- **WHAT TO PRODUCE**: Going down the listing below, print exactly each line from the one with "Small cream cowhide" up to and including the one with "3282 Absalom Smith", and skip the rest.

- **THE DATA**:
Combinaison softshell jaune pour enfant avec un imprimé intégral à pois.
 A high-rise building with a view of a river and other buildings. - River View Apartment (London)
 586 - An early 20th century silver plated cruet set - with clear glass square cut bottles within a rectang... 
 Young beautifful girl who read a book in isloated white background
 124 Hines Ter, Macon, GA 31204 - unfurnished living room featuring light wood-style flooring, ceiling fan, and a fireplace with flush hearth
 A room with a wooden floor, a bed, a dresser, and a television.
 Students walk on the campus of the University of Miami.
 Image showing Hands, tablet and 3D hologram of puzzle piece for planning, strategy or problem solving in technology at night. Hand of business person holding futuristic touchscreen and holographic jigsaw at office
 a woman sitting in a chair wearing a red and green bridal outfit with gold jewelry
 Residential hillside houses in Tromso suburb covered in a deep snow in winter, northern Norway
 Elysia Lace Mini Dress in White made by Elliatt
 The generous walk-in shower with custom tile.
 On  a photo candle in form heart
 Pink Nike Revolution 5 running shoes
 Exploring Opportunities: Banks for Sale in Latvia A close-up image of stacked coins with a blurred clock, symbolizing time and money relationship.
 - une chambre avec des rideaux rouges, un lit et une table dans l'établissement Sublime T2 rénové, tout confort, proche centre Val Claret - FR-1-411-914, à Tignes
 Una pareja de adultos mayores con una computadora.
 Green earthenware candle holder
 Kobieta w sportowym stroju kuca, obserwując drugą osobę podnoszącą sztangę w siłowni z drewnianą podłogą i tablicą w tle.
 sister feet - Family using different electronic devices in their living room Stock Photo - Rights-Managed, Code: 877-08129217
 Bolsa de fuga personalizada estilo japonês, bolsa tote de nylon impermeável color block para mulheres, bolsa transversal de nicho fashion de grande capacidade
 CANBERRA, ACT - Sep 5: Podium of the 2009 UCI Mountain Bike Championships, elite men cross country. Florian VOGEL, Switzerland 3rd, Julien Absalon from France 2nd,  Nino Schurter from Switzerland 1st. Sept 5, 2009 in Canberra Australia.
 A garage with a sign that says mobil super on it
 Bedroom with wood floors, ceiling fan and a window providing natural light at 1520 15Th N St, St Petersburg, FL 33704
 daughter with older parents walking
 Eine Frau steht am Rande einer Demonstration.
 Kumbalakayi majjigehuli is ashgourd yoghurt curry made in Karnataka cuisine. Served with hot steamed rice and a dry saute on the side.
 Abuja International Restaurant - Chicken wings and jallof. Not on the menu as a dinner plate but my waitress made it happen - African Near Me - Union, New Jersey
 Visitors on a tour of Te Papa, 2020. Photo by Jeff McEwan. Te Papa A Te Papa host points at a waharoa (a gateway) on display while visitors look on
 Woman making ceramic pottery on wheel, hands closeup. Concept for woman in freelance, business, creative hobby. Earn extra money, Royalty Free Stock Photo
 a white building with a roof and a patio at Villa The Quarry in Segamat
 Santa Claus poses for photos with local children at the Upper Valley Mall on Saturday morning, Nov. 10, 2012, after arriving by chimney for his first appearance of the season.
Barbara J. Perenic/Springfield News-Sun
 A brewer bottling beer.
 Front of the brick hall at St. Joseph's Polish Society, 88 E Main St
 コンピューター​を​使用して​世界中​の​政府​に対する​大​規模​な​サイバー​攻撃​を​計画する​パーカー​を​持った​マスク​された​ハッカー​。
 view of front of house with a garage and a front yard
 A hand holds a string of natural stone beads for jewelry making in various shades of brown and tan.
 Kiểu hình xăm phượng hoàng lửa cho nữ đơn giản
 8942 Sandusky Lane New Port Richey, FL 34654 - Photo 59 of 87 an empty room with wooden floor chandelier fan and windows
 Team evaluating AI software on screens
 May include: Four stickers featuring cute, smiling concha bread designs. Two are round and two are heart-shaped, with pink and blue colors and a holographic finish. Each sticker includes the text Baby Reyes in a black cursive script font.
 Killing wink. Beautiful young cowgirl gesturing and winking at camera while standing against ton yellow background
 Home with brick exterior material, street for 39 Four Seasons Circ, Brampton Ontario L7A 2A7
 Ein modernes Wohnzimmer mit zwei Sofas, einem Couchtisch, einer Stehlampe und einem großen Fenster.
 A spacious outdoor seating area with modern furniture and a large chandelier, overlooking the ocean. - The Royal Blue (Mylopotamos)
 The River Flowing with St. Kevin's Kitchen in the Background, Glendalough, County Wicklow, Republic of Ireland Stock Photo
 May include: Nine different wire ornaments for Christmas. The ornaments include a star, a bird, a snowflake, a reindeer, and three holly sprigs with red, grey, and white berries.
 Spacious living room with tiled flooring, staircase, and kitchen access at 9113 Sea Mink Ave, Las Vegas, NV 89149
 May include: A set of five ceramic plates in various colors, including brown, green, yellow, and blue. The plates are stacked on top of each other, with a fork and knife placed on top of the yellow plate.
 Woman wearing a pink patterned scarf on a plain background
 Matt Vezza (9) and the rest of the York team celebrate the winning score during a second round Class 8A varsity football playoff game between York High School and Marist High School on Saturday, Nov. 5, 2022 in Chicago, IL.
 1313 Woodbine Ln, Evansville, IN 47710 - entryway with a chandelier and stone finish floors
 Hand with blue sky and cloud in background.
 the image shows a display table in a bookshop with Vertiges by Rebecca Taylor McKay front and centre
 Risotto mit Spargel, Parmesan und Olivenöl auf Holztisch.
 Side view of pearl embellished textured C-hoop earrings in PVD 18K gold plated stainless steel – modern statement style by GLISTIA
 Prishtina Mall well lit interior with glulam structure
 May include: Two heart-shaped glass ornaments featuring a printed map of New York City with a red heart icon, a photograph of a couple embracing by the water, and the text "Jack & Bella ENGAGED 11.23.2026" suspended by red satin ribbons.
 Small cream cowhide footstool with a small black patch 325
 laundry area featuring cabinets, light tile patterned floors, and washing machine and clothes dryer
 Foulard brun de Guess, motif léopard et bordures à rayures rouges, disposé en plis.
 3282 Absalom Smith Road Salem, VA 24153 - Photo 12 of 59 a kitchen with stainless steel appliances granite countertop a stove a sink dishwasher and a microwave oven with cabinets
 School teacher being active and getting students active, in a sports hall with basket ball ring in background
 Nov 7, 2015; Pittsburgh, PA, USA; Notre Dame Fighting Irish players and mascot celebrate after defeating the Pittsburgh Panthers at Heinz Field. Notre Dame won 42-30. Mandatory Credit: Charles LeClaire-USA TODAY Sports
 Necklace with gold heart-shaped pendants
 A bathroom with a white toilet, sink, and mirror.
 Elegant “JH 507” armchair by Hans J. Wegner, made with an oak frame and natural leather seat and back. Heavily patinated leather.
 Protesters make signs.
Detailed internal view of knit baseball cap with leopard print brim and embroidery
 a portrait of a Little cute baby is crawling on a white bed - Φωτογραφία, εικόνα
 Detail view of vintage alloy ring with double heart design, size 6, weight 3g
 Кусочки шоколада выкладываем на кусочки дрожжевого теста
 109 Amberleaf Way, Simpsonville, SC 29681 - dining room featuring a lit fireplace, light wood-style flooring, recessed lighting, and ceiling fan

- **OUTPUT FOR THIS TASK**:
 Small cream cowhide footstool with a small black patch 325
 laundry area featuring cabinets, light tile patterned floors, and washing machine and clothes dryer
 Foulard brun de Guess, motif léopard et bordures à rayures rouges, disposé en plis.
 3282 Absalom Smith Road Salem, VA 24153 - Photo 12 of 59 a kitchen with stainless steel appliances granite countertop a stove a sink dishwasher and a microwave oven with cabinets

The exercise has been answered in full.